_WHAT IS REQUIRED_
Return every line of the listing below so that it matches the original exactly.

··· RECORDED DATA ···

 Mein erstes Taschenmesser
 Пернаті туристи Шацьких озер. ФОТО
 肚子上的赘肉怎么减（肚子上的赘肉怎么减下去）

···

_ANSWER TO THE PROBLEM_
 Mein erstes Taschenmesser
 Пернаті туристи Шацьких озер. ФОТО
 肚子上的赘肉怎么减（肚子上的赘肉怎么减下去）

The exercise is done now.